Menurut Menag, pihaknya sudah banyak melakukan terobosan, salah satunya lewat aplikasi Pusaka Super App yang menjadi bagian dari trasparansi dan akuntabilitas dalam pengadaan barang dan jasa yang selama ini menjadi salah satu pintu masuk untuk korupsi.
“Semua masyarakat juga harus memberikan support kepada pemerintah selaku penyelenggara negara untuk jujur dan tidak koruptif. Dan ini tentu harus diiringi dengan perilaku yang sama dari masyarakat. Kalau pemerintah dan masyarakatnya jujur, Insya Allah kemakmuran tinggal selangkah lagi, ” tandas Menag.
Catatan Arcus Media Network mengutip repository.uksw Hilda Mona Pariury, Program Studi Magister Sosiologi Agama 2015 menyebutkan, Gereja Protestan di Indonesia bagian Barat (GPIB) tegas tidak membenarkan tindakan korupsi. Tidak hanya soal pencurian, suap-menyuap dan sogok-menyogok uang termasuk nepotisme, korupsi waktu.
Lahirnya pemahaman GPIB ini tidak dibuat-buat atas dasar pemahaman pribadi. Akan tetapi berangkat dari dasar teologis Hukum Taurat “Jangan mencuri & Jangan Mengingini”gereja membangun sebuah pola berpikir yang baik sebagai alasan secara teologis untuk tidak membenarkan tindakan korupsi dalam bentuk apapun.
Pemahaman GPIB Tentang Korupsi, GPIB terpanggil untuk mewujudkan kebaikan Allah dalam masyarakat Indonesia yang majemuk, dengan ikut membangun nilai-nilai kehidupan yang berkeadaban, inklusif, adil, damai dan demokratis.
Pemahaman universal tentang korupsi sebagai aksi pencurian dipahami sangat mendalam oleh GPIB. Bagi GPIB mencuri dan korupsi keduanya merupakan tindakan yang salah.
Akan tetapi Hukum Taurat ke-8 tersebut tidak semata-mata dipahami secara harafiah “mencuri” saja namun, ada konsep yang lebih berarti dibalik pemahaman secara harafiah tersebut.
Oleh GPIB tindakan korupsi dilakukan dengan gaya yang lebih licik dibandingkan dengan tindakan mencuri. Dengan sederhana, korupsi dan mencuri merupakan dua tindakan yang berbeda bentuk namun, sama-sama melakukan aksi “penyelewengan”.

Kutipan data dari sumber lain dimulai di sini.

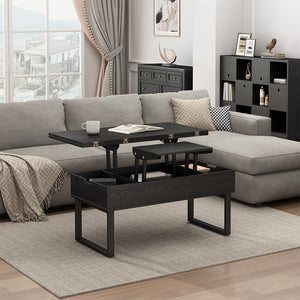 Vicco tavolino soggiorno Nero 100 x 50 cm con funzione di sollevamento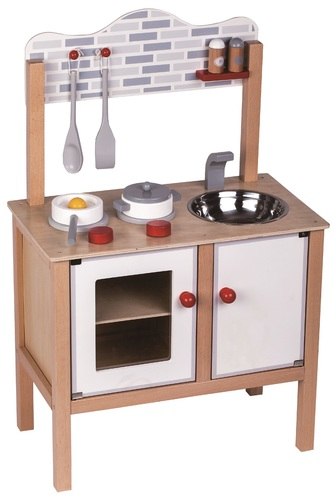 מטבח 'בואו נבשל' לילדים מעץ מלא + 8 אביזרים פיט טויז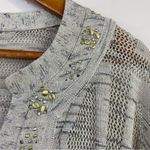 White House | Black Market Lightweight Crochet Knit Metallic Studs Poncho Top M Photo 3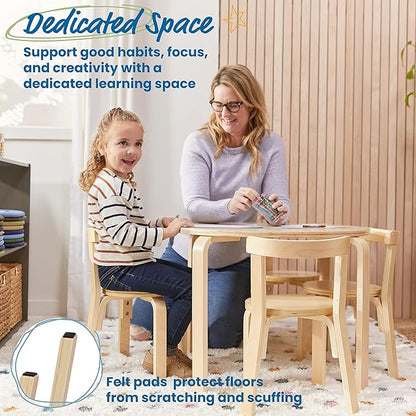 ECR4Kids ECRKids Seating, 5-Piece Table and Chairs Set, Natural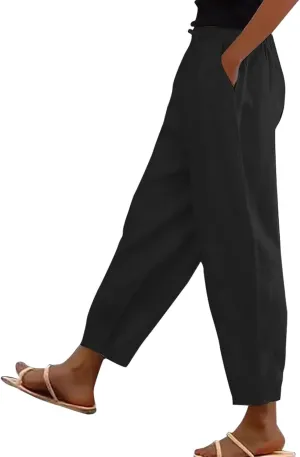 Linen Pants Women Summer High Elastic Waist Drawstring Palazzo Pants Straight Leg Slacks Cropped Trousers with Pockets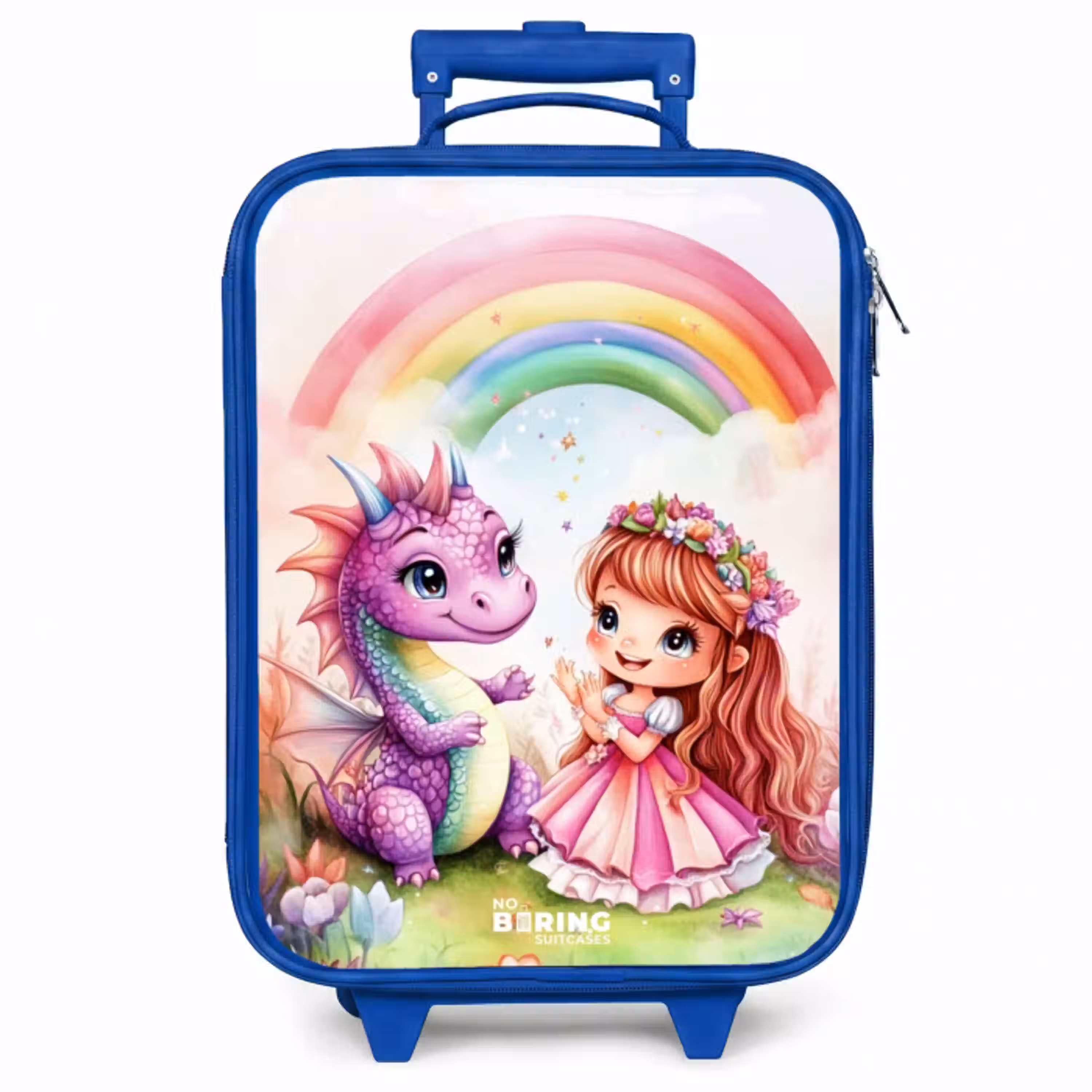 Meisje met paarse draak onder regenboog Kinderkoffer - Blauw klein -zzz_website3d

Mencuri dipahami sebagai sebuah insiden yang kelihatan. Insiden kelihatan dalam situasi ini ialah orang yang dicuri (korban curian) benar-benar menyadari bahwa sesuatu yang dimiliki telah diambil dan hilang. Sedangkan, korupsi dipahami berbeda di mana si korban tidak merasa bahkan tidak sadar bahwa ia telah kehilangan sesuatu yang menjadi miliknya.
Mengapa demikian? Karena tindakan yang dilakukan oleh pelaku (koruptor) terlihat baik padahal sebetulnya yang dilakukan ialah buruk.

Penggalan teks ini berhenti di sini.